» Try it
Everything from the line containing "1136 Kildonan Place" through the last line of the entries needs to be repeated exactly. Pictures must be left out.

» Provided entries
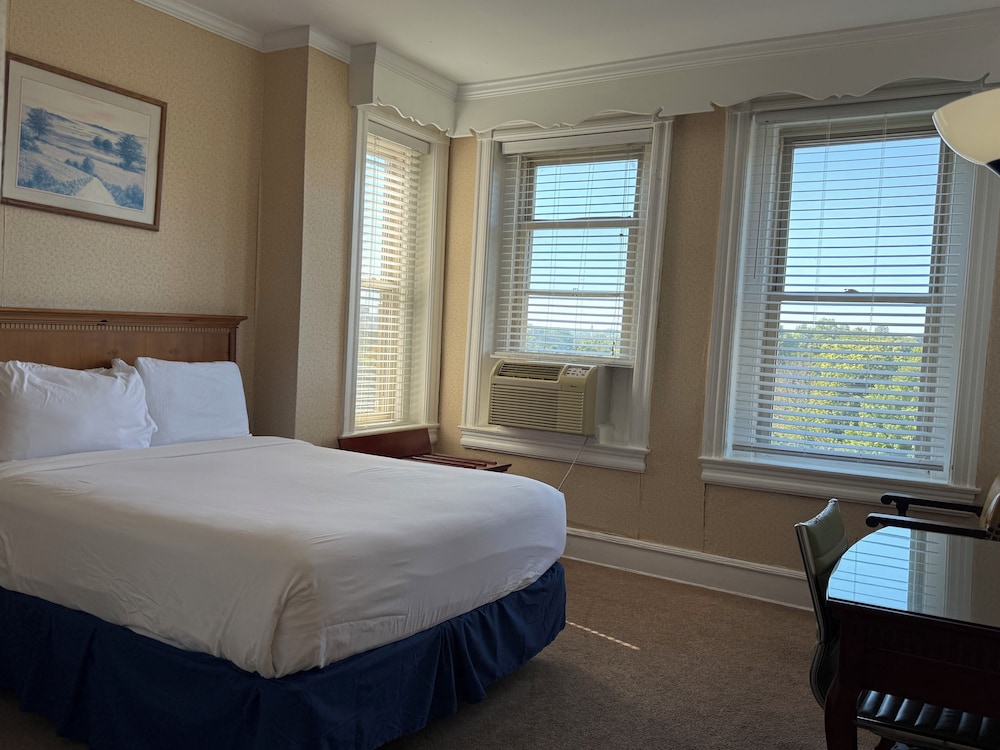 The Baron Hotel 29/50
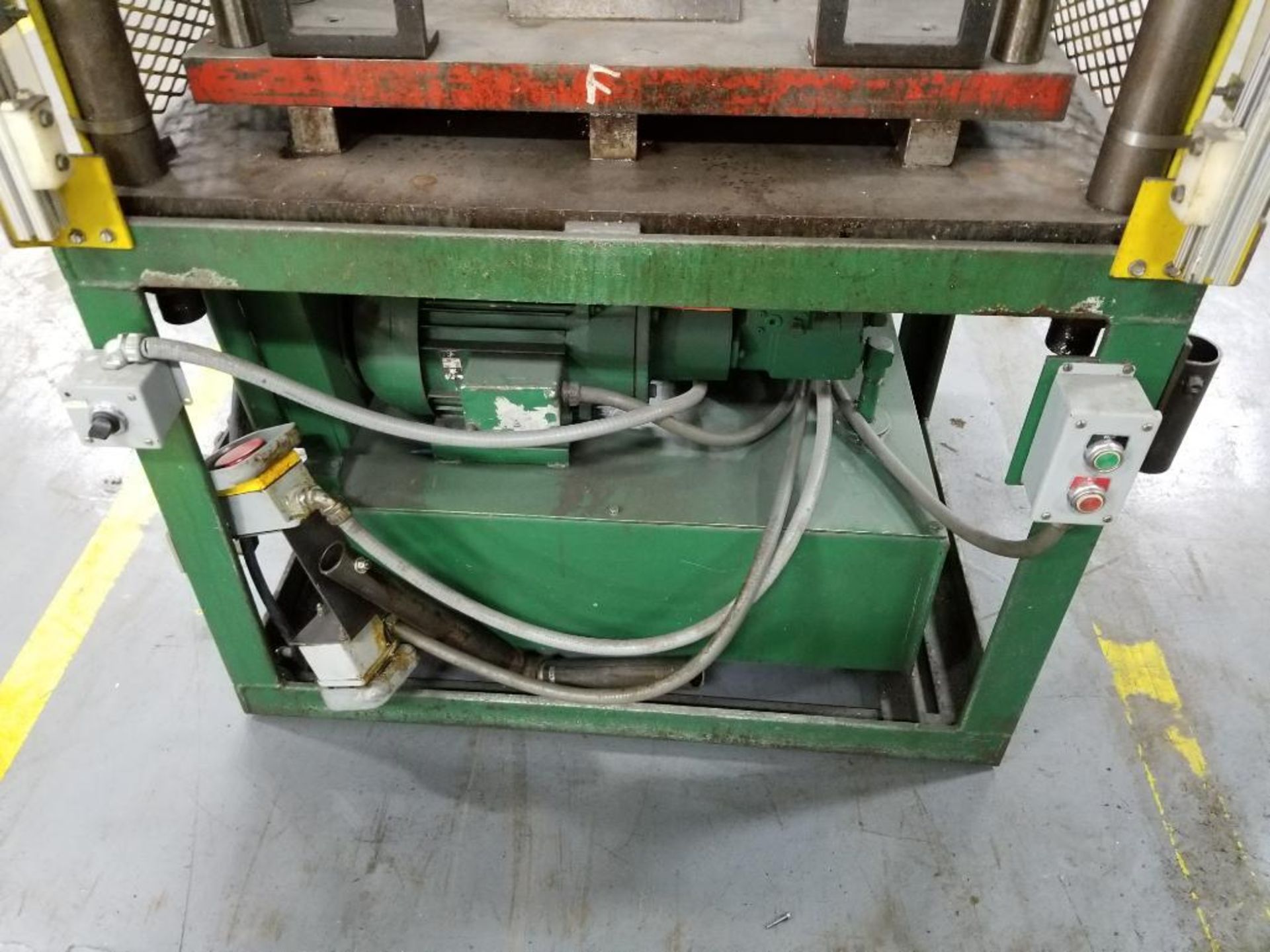 15 ton Hydraulic press. 10hp hydraulic power pack. 3 phase. Stroke 10in (est). 2in ram diameter. - Image 6 of 13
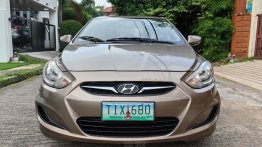 Selling White Hyundai Accent 2012 in Parañaque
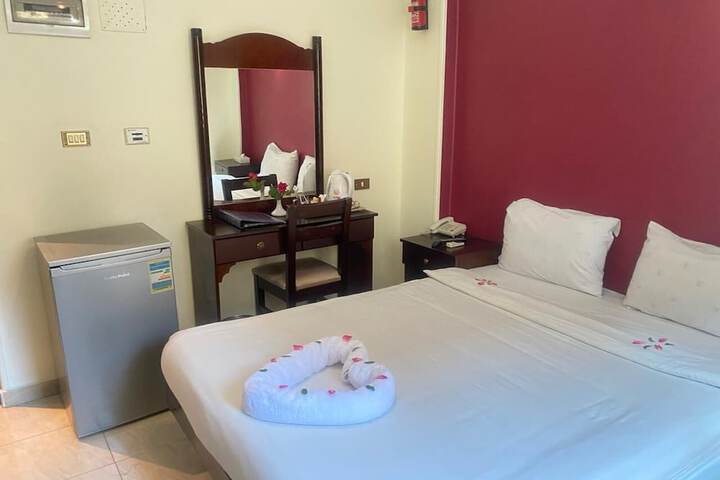 Room 16 of 65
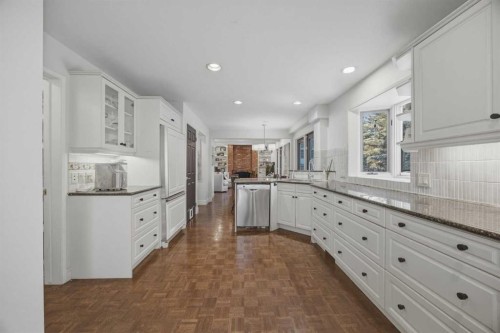 1136 Kildonan Place Sw, Calgary, AB - Indoor Photo Showing Kitchen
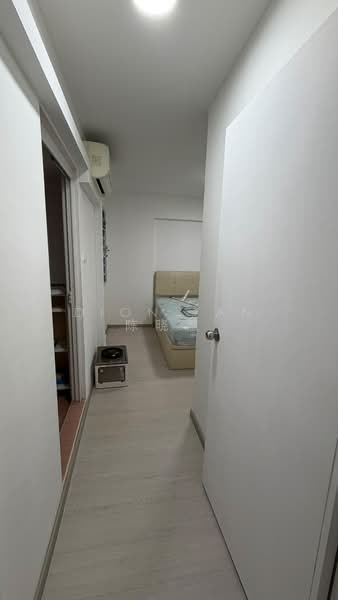 15 Farrer Park Road, 15 Farrer Park Road, 2 Bedrooms, 667 sqft, HDB Flat For Rent, by Dion Tan 陈晓慧, 500103591 - Bedroom - PropertyGuru.com.sg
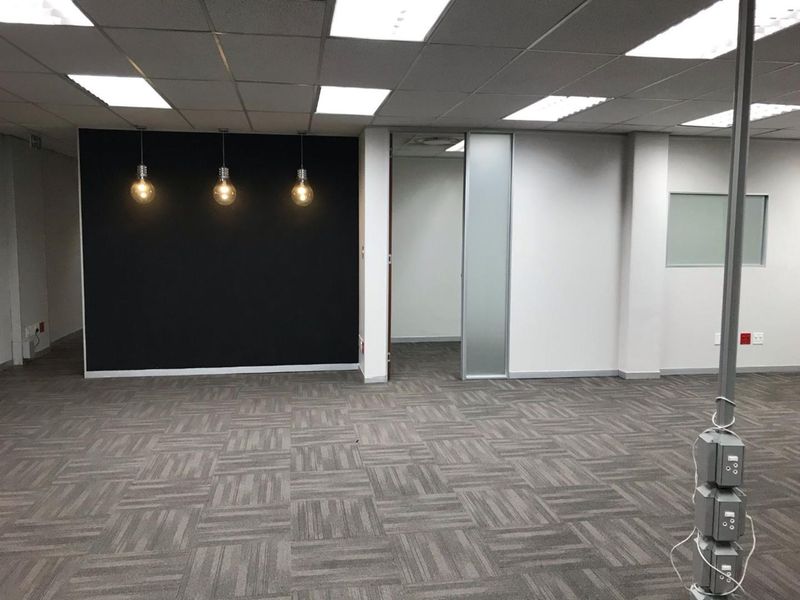 Office suite to rent in Midrand - Photo 10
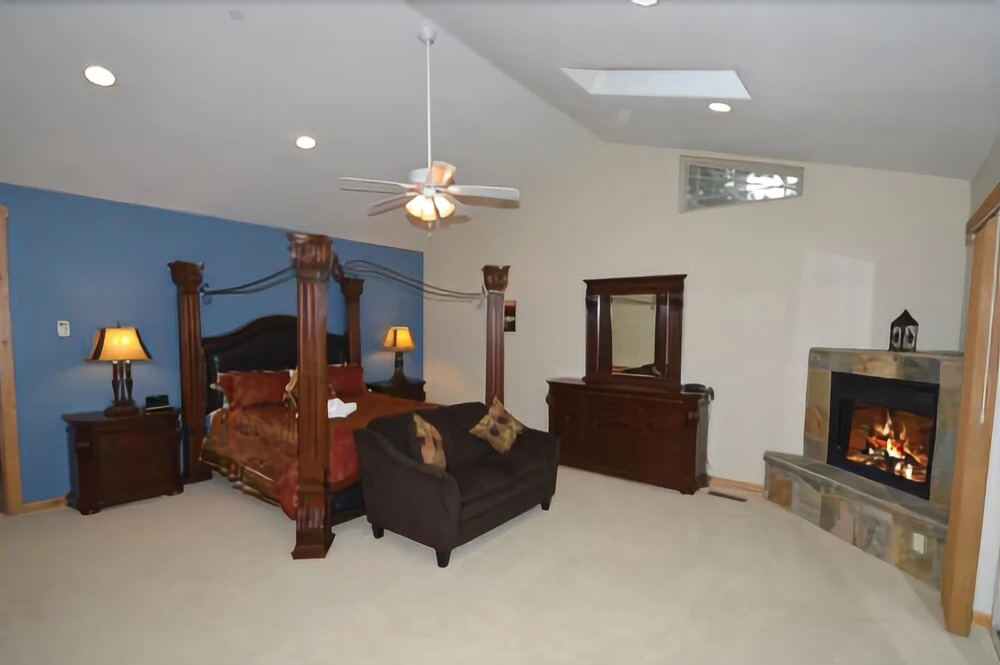 1357 Gilmore by RedAwning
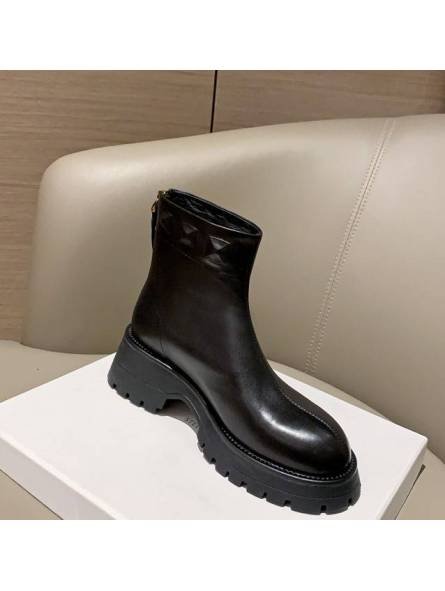 Botines negros de cuero con plataforma gruesa, que combinan estilo y comodidad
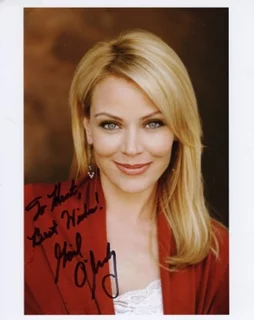 Gail O'Grady autograph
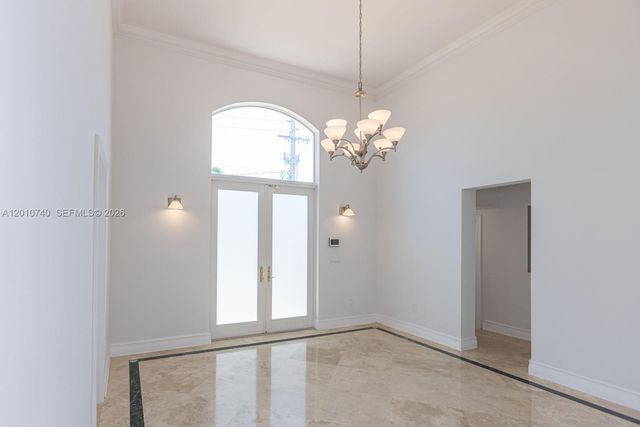 425 N Shore Dr, Miami Beach, FL 33141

» Task response
 1136 Kildonan Place Sw, Calgary, AB - Indoor Photo Showing Kitchen
 15 Farrer Park Road, 15 Farrer Park Road, 2 Bedrooms, 667 sqft, HDB Flat For Rent, by Dion Tan 陈晓慧, 500103591 - Bedroom - PropertyGuru.com.sg
 Office suite to rent in Midrand - Photo 10
 1357 Gilmore by RedAwning
 Botines negros de cuero con plataforma gruesa, que combinan estilo y comodidad
 Gail O'Grady autograph
 425 N Shore Dr, Miami Beach, FL 33141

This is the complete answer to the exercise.